I feel Daisy’s eyes on me and I glance back at her briefly, letting her know that it’s probably time I tell everybody the truth about what happened.

Nathan knew all along that I had bonded Adria to me—he was the only one I told—but right now, only Daisy knows what happened the last time I saw Adria.

I walk over to stand near the fireplace and I look up at the portrait of Aramei and my father, but my mind replaces their faces with two faces closer to home.

“Adria’s no longer human,” I say with my back to the room, “if she’s even still alive.”

“What?” Zia’s mouth is on the floor by the sound of her voice.

I sense Nathan walking toward me. “Oh damn, Isaac, what did you do?”

I turn sharply at the waist in reaction to his words, at first feeling the sting of thinking he is reprimanding me, until I realize my defensive reaction is more in reply to my own guilt.
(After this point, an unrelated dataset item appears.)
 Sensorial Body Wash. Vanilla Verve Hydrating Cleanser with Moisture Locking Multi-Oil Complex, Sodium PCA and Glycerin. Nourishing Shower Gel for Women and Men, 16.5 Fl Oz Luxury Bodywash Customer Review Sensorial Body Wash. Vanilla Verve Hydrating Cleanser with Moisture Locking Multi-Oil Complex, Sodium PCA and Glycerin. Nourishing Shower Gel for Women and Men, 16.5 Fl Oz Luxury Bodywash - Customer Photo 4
“She wanted it,” I say looking at Nathan, but seeing right past him. I inhale a deep breath and run my hand over the top of my head. “I would never have gone through with it, but the Blood Bond was killing her fast and she wasn’t going to allow herself to live like Aramei.”
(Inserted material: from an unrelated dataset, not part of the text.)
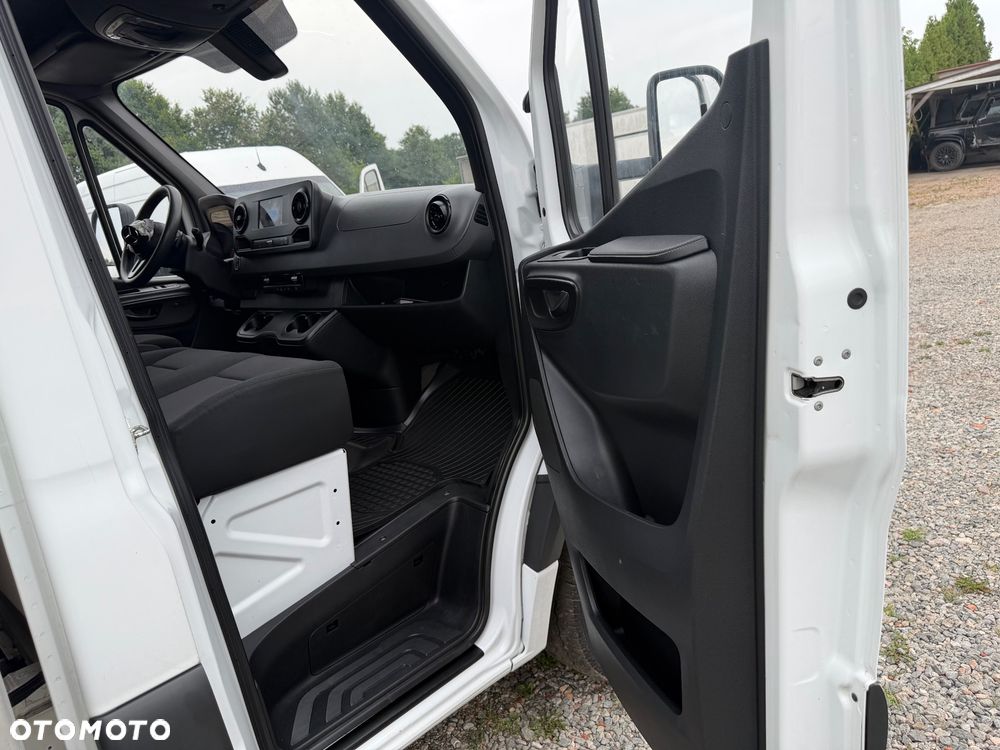 Mercedes-Benz Sprinter 317 - 10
“Ho-ly shit,” Zia says, plopping into the nearby recliner, her eyes staring out ahead of her. She looks up at me. “You bonded her to you?”

“Yes,” I say simply, “but that’s one thing I won’t talk about anymore, so drop it. And I mean it.” In this case, I will use my authority. What’s done is done and the Blood Bond isn’t anything that can be changed.

Not anymore.

Zia fully accepts my demand and looks away again, though completely devoid of her usual defiant sneers or comments that make Zia, Zia.

“I’m worried about her, Nathan,” I say, seeing his face now, searching for some kind of encouragement that only an older brother might be able to give. “I know that a Sire and his fledgling have an emotional bond and can communicate telepathically, but Nathan…I don’t feel or hear anything.”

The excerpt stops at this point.